With these combinations, the efficiency can actually be quite good. With a 3.5V LED and a 4.0V battery (LiIon batteries won't stay above 4.0V under load except perhaps very briefly), you'd get 87% efficiency. As the battery voltage falls to 3.65V, the efficiency would rise to 96%. As the voltage continues to drop, the regulator would begin to "drop out", meaning the output voltage would begin to fall. All LEDs have a voltage vs. current curve, and as the voltage falls the current drops according to the LED's curve. The efficiency would remain near 94-96% as the input voltage drops to 3.0V. After this the dropout voltage begins to increase and the efficiency begins to fall. Operation in this region (below 3.0V input) would not be guaranteed.


If your LED voltage were 2.95V, the driver would remain in regulation until the battery voltage reached 3.1V, and the efficiency would start at 74% and climb gradually to 95%.


The 'dropout voltage' of a driver is the minimum input-output voltage differential required to maintain regulated current. This is a characteristic of all linear and buck type regulators. The 0.15V dropout voltage of this driver at 25A would be considered quite low. At lower currents, the dropout voltage is even lower.

Cheers.

D


----------



## DIWdiver (Nov 26, 2014)

Updated specs: (Jan 15, 2015)

Wire hole sizes have been reduced, will now accept 16 AWG stranded. This is a bit small for 25A, but in a flashlight with inches of wire length, should be okay.

Input voltage options will be either 3.0-4.5V, or 3.5-36V. The higher voltage range is not automotive rated, but it should survive all but the very worst things that can ever happen in a car. 

Current is adjustable from 0 to max with an onboard potentiometer. An external pot can also be used.

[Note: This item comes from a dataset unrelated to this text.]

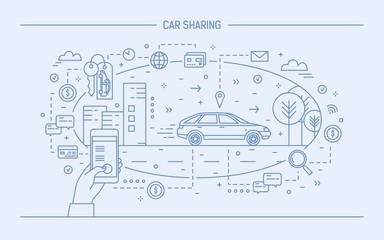 Poster - Hand holding mobile phone and automobile on city street. Concept of car sharing and electronic rental service or carsharing application. Monochrome vector illustration drawn with blue contour lines.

boards will be offered with max currents of 10, 16.7, and 25A. Other values could be made on request.

Price is $35 USD.

Board size is 33mm diameter.


----------



## Illum (Nov 26, 2014)

what sort of driver IC sources 25A? I have never heard of anything in the dimension mentioned. :green:


EDIT: Maybe the BTS555 PROFET


----------



## DIWdiver (Nov 26, 2014)

It's not an IC. It's built from discrete components, and the main power element is a large FET, which is designed to handle that kind of power.


----------



## lucca brassi (Nov 27, 2014)

this would be active electronic load in base ?


----------



## DIWdiver (Nov 27, 2014)

lucca brassi said:


> this would be active electronic load in base ?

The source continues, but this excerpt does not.